Pixymon video stream while using Pan/Tilt Demo?

jamesbass · April 17, 2018, 5:09am

"I’m guessing the video you are referring to was being displayed in Pixymon, and then Rich just used a screen recorder to capture it. "

I’m confused how this could be captured with Pixymon as the app stops showing the video stream when tracking is active. Is there another version of Pixymon which does not stop streaming video when tracking is active that is not available?

rmsanchez · April 17, 2018, 5:09am

Hi James,
You would like to display full processed video while tracking something in the pan/tilt demo— I understand.

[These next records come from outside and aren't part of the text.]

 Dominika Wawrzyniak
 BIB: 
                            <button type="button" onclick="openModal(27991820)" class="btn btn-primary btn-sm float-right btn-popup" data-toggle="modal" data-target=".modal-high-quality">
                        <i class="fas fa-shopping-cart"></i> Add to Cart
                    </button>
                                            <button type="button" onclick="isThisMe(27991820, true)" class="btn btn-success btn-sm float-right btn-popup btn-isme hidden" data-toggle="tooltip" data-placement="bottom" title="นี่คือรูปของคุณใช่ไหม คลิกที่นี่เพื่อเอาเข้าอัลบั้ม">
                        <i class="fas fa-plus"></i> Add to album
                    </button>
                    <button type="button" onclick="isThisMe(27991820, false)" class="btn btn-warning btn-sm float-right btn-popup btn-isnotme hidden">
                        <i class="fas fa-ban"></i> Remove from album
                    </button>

The KS video shows a couple seconds of a cobbled together demo where you can see live, processed video and the ball being tracked. This was done in cooked mode using calls from the PC host to control the servos. This feature didn’t work very well because the performance was kinda sucky (25Hz, lots of latency.), required some custom PD gains. It was removed. It might find it’s way back, but it needs work.

Here’s some technical backstory:

So what is cooked mode exactly? In cooked mode, raw pixels are grabbed by Pixy and sent to the PC, and all the processing takes place on the PC side. It’s a simulation. It uses the same code that runs on Pixy’s firmware, so it’s a very accurate simulation — but it’s “cooked”. It’s great for debugging… and we use it for algorithm development (much easier to test ideas on the PC side!)

Why not have Pixy send back a processed video overlay ontop of raw video and have it all nicely blended like in cooked mode?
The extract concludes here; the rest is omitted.